|View single post by samhood|
|Posted: Sun Nov 9th, 2008 05:50 pm||
Thanks for your interest, curiosity, or whatever motivated you to read the Swordexposed essay.
My username is my real name, Sam Hood, and I am a relative of Gen Hood, although not a direct descendent. Like all of you I am a Civil War enthusiast and preservationist, and because of my collateral kinship to the Gen. Hood, I have always studied his life and career in more depth than other Civil War characters who interest me. I am active in the John Bell Hood Historical Society.
Many years ago when I first read Sword's "Confederacy's Last Hurrah" I was shocked at many of his assertions, which were inconsistent with established family history. I was also astonished at how much of the historical record known to me was absent in Sword's book. It became apparent that Sword was revealing to his readers only selected records, all of which were critical of Hood. This seemed to me to be deplorable conduct from a scholastic standpoint.
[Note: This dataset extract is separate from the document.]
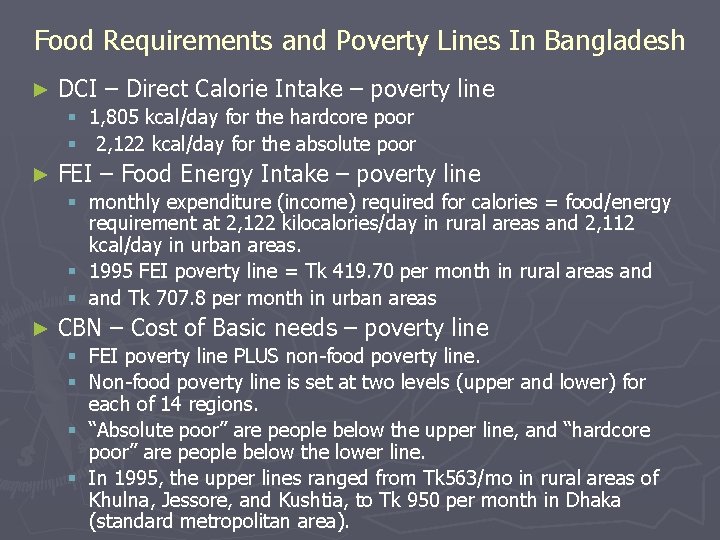 Food Requirements and Poverty Lines In Bangladesh ► DCI – Direct Calorie Intake –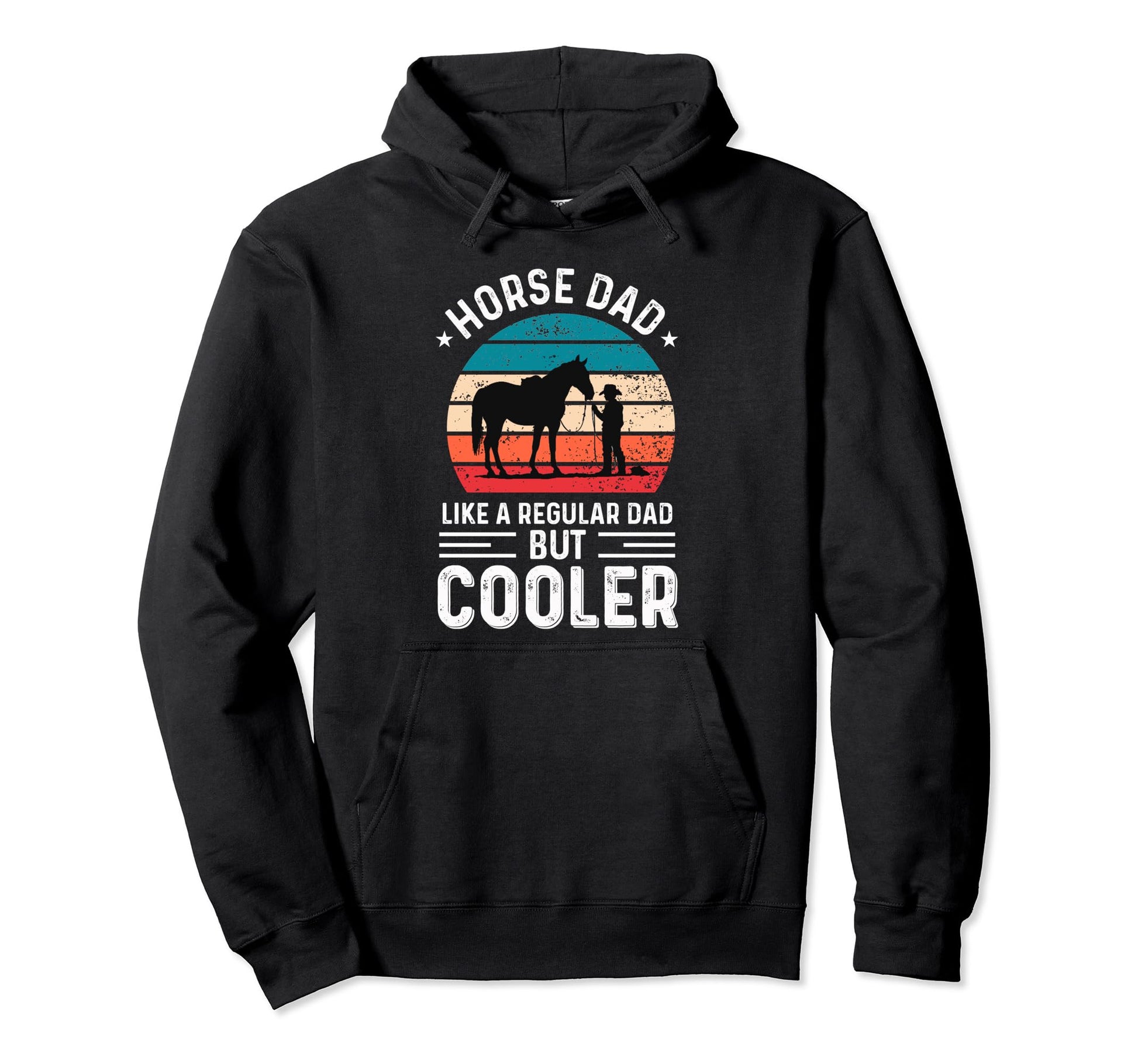 Horse Dad Like Regular Dad But Cooler Hoodie - Unique Graphic Unisex - T-Shirt, Sweatshirt, Hoodie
How can a non-fiction reader possibly be educated when the author filters out any and all evidence that does not support a predetermined conclusion?
Furthermore, I found it deplorable that Sword would attack the personal honor and integrity of a defenseless dead man. Misrepresentation and fact-filtering the historical record to paint Hood as a poorer general than he was is bad enough, but to make an all out assault on the man's personal character, tarnishing his eternal reputation, to me, simply crossed the line of human decency.
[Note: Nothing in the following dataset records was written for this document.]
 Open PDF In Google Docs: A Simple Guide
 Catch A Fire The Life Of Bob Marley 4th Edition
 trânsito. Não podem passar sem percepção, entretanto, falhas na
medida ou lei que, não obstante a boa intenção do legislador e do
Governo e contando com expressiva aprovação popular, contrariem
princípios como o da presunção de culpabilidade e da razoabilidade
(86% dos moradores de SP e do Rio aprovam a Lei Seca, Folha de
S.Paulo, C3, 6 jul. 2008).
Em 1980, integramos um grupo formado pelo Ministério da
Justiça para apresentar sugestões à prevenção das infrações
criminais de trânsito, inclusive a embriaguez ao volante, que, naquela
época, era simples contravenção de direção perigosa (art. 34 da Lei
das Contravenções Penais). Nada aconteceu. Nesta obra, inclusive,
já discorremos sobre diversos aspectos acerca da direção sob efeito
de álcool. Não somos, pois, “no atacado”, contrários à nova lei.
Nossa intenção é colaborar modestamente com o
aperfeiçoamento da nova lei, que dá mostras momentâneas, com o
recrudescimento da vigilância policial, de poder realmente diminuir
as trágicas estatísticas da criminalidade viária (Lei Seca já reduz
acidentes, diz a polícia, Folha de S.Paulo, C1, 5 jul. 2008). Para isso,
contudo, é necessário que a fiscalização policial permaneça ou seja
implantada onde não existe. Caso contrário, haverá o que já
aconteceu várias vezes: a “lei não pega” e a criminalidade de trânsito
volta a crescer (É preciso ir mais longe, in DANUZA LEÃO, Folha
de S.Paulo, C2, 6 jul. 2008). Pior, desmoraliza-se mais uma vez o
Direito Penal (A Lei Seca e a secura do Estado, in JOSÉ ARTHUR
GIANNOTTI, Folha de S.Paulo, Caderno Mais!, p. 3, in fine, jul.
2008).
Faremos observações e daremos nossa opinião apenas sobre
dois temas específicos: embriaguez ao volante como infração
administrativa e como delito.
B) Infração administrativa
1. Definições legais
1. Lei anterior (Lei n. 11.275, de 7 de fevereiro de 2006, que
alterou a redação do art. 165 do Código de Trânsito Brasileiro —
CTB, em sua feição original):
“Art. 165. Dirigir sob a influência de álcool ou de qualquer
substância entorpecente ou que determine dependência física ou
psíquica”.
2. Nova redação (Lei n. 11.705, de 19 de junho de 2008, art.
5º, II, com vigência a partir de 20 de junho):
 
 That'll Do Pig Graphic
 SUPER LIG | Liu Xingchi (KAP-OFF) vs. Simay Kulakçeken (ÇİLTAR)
I discussed the matter with Sword personally in 2003, and he blamed the absence of all pro-Hood evidence in his book on his publisher, who he claimed culled 25% from his manuscript. Although I didn't believe him, I nodded and let it pass. Then, four years later, Sword wrote essentially the same thing in his latest book, proving that his casting blame on his publisher for the earlier book was false.
My motivation for defending Gen. Hood and exposing Wiley Sword's scholastic and literary malfeasance, although originally inspired by kinship, is now driven more by a desire to warn the Civil War history community of his behavior. People who buy his books need to know what he is capable of doing to his subjects.
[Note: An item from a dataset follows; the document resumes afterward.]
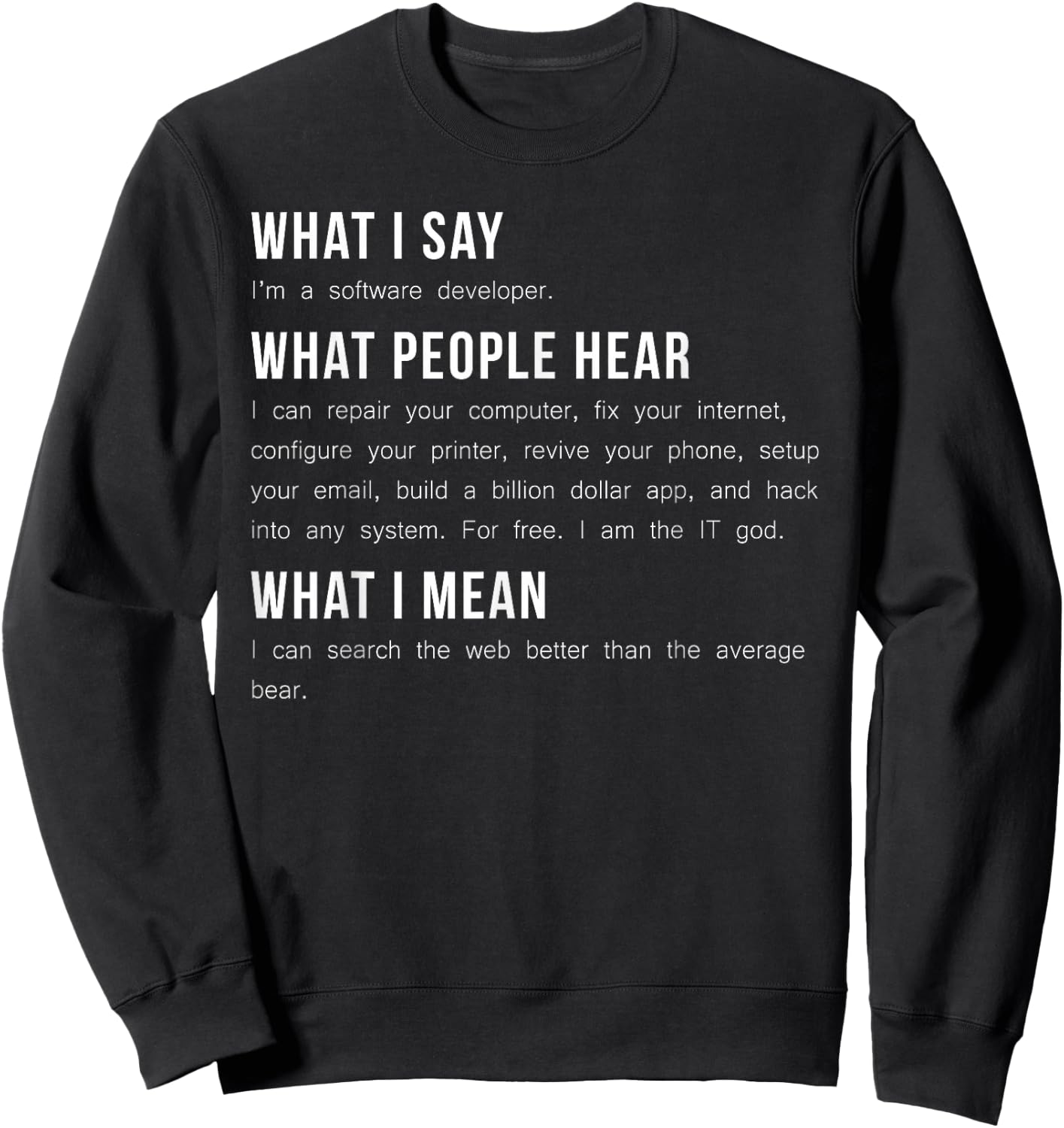 I'm A Software Developer Funny Programming T Shirt Sweatshirt - Sweatshirt | Black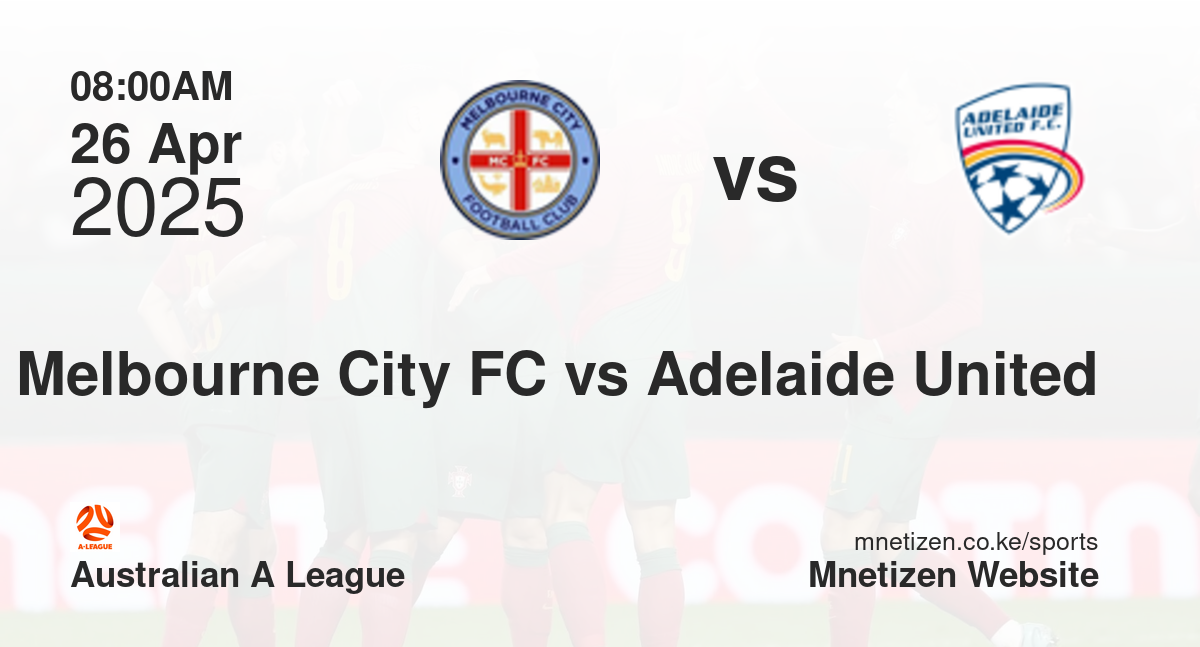 Melbourne City FC vs Adelaide United | 26 Apr 2025 Match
I frequently speak on Gen. Hood and the Tennessee Campaign at CWRT and SCV meetings, Living History events and other gatherings. I have never accepted a penny in honorarium, or even travel expenses, which have taken me as far from my West Virginia home as California and Texas. And rather than charge the public for my research on Gen. Hood by publishing a book, I provide all information free on the internet. I encourage observers to compare my motives to Sword, who, as far as I know, does not give his books away for free.
Was John Bell Hood a successful army commander? Absolutely not. As Private Sam Watkins wrote, Gen. Hood, as an army commander, "was a failure in every particular." But Watkins also wrote, "He was a noble, brave and good man, and we loved him for his virtues and goodness of heart...Every impulse of his nature was to do good, and to serve his country as best he could." To criticize Hood's decisions as commander of the Army of Tennessee is appropriate, but to attack the man's personal honor, as Sword does, is inappropriate in the extreme, as is Sword's propensity to intentionally mislead his readers, and charge them for the privilege.
Sword is a gifted writer for sure, which makes his conduct even more reprehensible. He should use his God-given talents to educate, not indoctrinate, and to inform, not misinform.